§ **Assignment**
Output, word for word, the lines of this listing that fall between the line with "AVS 16-18 Nissan" and the line with "Sports Green hot", counting both of those lines, and no others.

§ **Supplied records**
--

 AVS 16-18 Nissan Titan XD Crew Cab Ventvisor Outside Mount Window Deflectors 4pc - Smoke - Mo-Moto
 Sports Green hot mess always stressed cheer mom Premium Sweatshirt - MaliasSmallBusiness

--

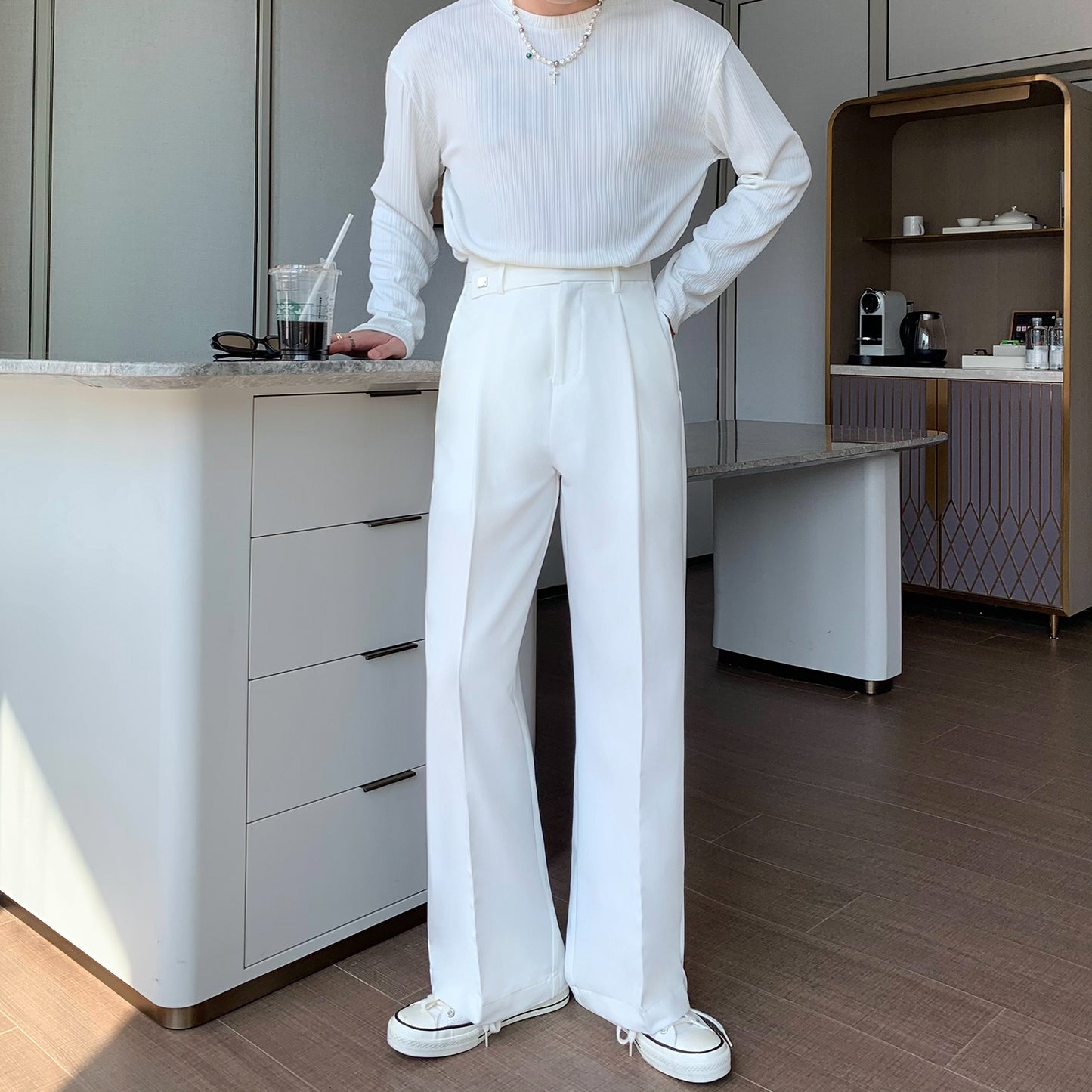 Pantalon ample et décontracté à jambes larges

--

§ **Problem solution**
 AVS 16-18 Nissan Titan XD Crew Cab Ventvisor Outside Mount Window Deflectors 4pc - Smoke - Mo-Moto
 Sports Green hot mess always stressed cheer mom Premium Sweatshirt - MaliasSmallBusiness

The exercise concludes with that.